| Problem details |
Give back every record exactly, with its pictures left out.

| Material to process |
※ ※ ※

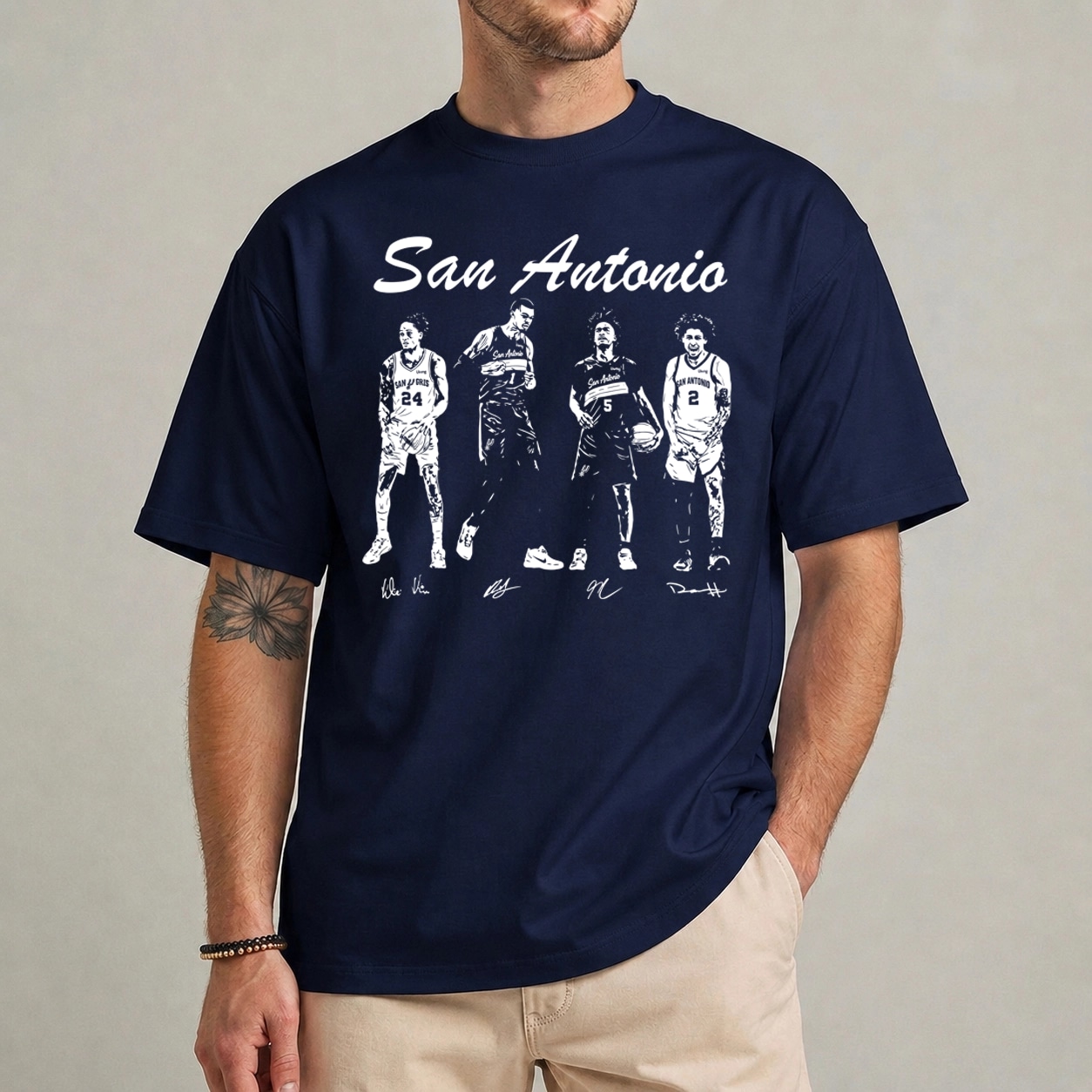 San Antonio Spurs Wembanyama Harper Castle Vassell Shirt San Antonio Spurs Wembanyama Harper Castle Vassell Shirt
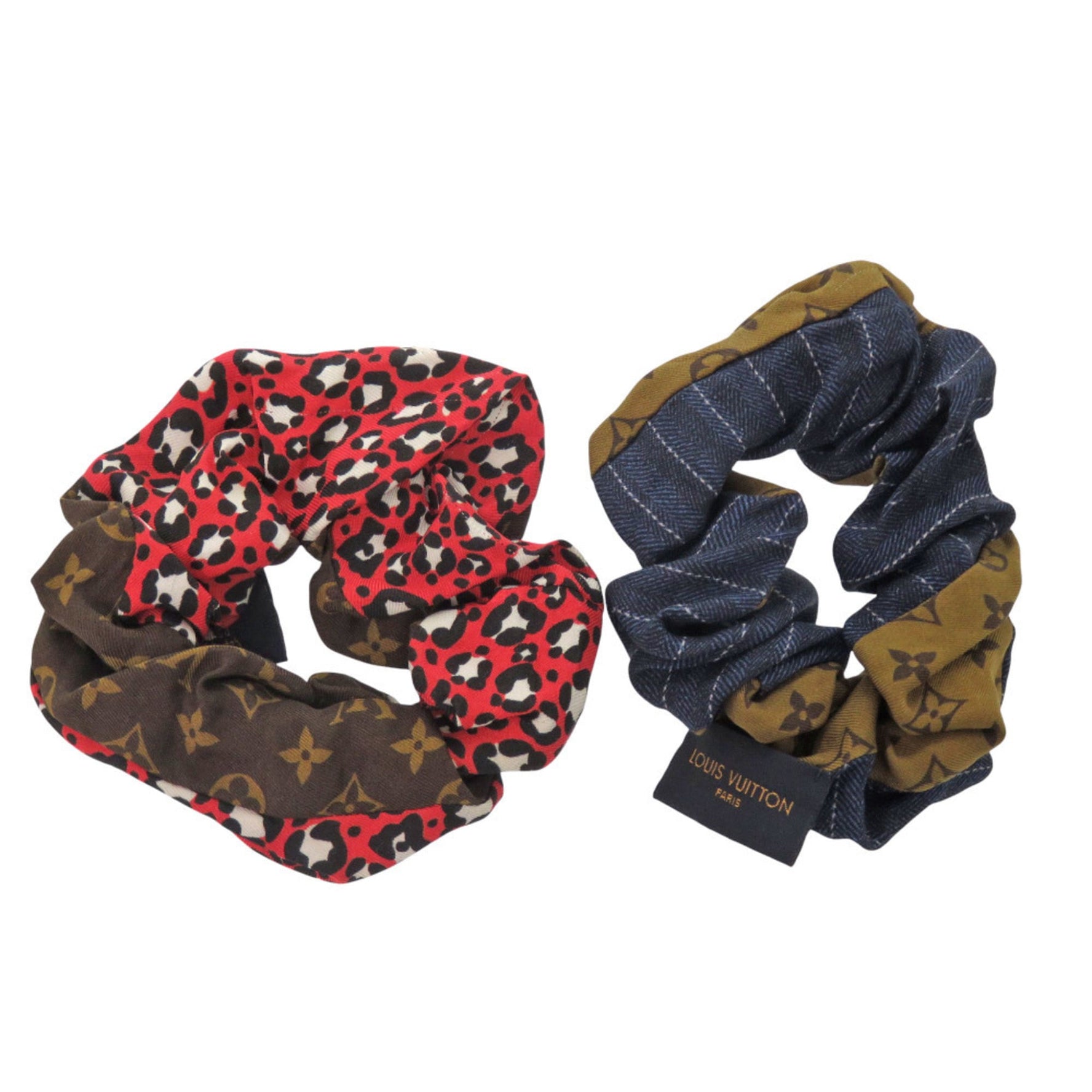 Louis Vuitton Scrunchie Be Mindful Monogram Silk Brown 1039 LOUIS VUITTON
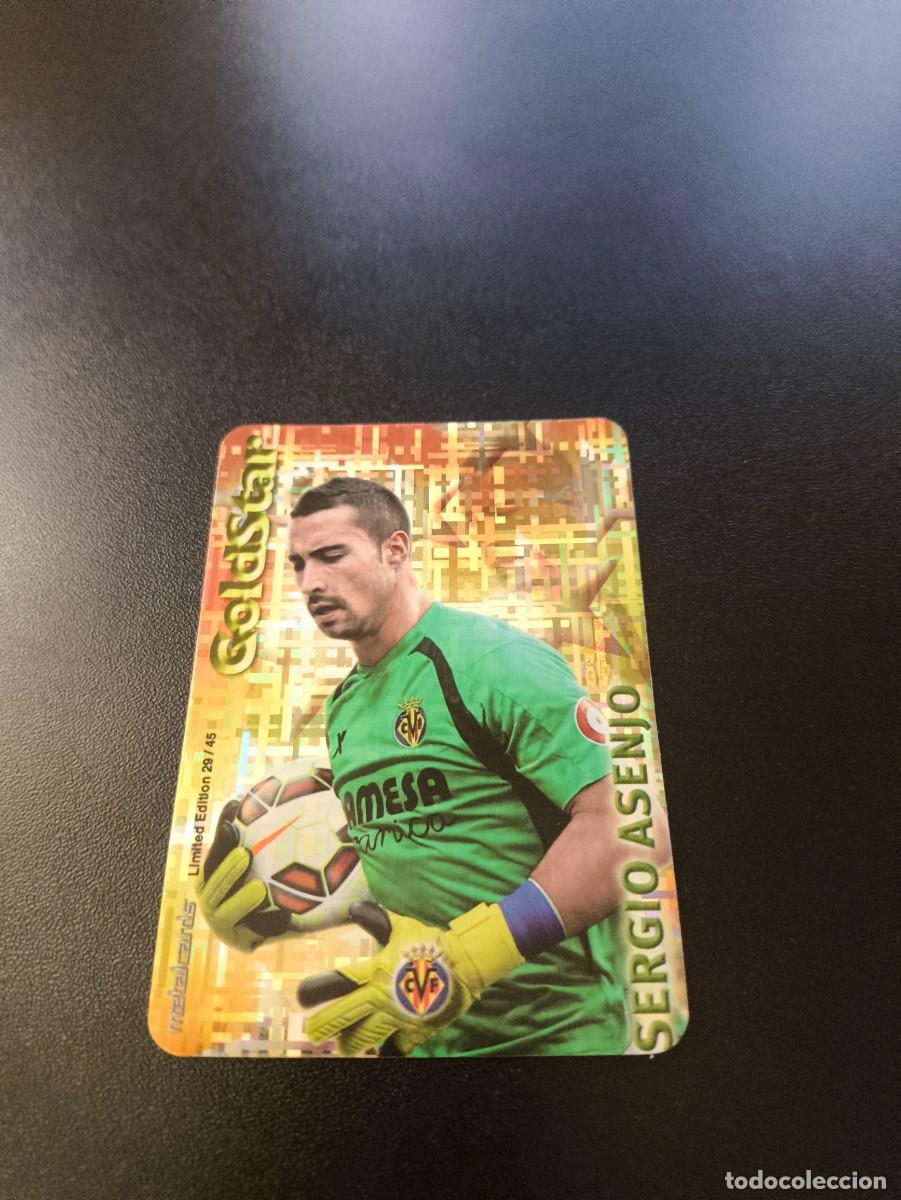 Cromos de F&uacute;tbol: 29/45 SERGIO ASENJO VILLARREAL GOLDSTAR TETRIS MUNDICROMO LIGA 2014 2015 NO PANINI ESTE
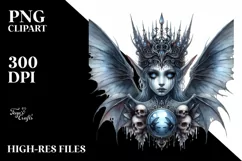 Detailed Gothic Fairy PNG Product Image 1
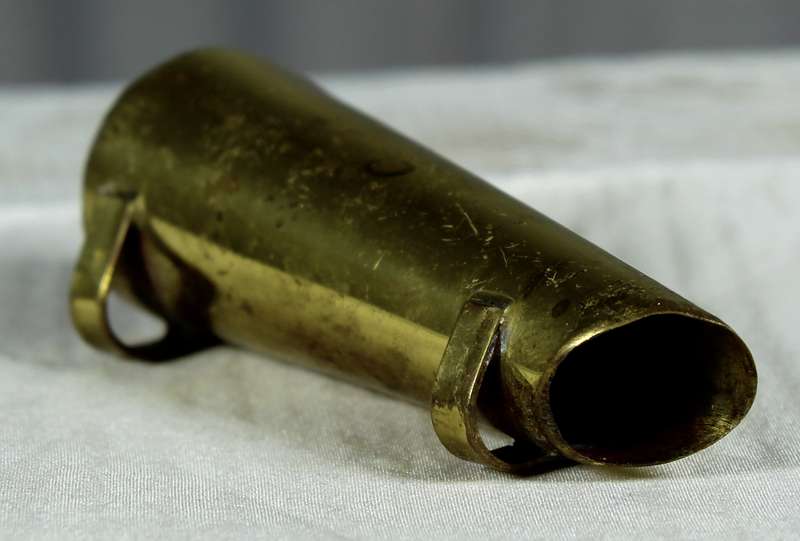 Miniature brass coal shuttle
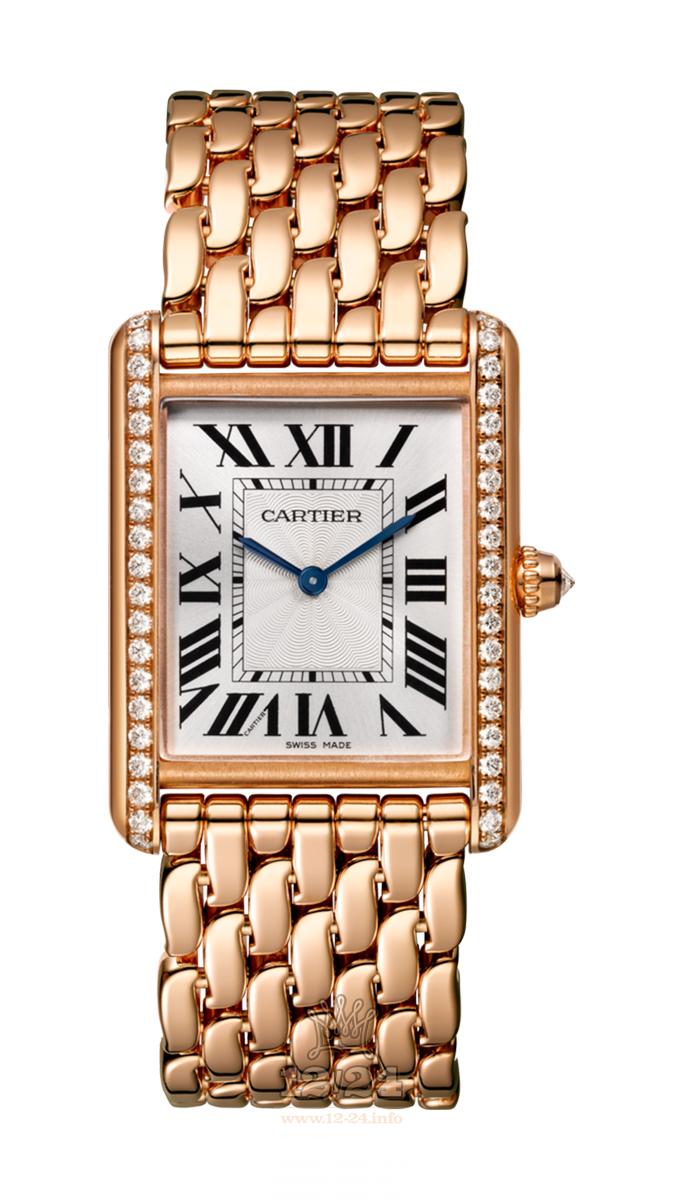 Cartier Tank Watch WJTA0021 34 mm Pink gold Case Silver Dial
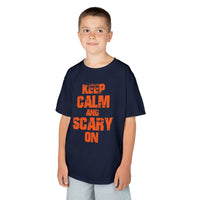 Keep Calm and Scary On - Kids T-Shirt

※ ※ ※

| Answer section |
 San Antonio Spurs Wembanyama Harper Castle Vassell Shirt San Antonio Spurs Wembanyama Harper Castle Vassell Shirt
 Louis Vuitton Scrunchie Be Mindful Monogram Silk Brown 1039 LOUIS VUITTON
 Cromos de F&uacute;tbol: 29/45 SERGIO ASENJO VILLARREAL GOLDSTAR TETRIS MUNDICROMO LIGA 2014 2015 NO PANINI ESTE
 Detailed Gothic Fairy PNG Product Image 1
 Miniature brass coal shuttle
 Cartier Tank Watch WJTA0021 34 mm Pink gold Case Silver Dial
 Keep Calm and Scary On - Kids T-Shirt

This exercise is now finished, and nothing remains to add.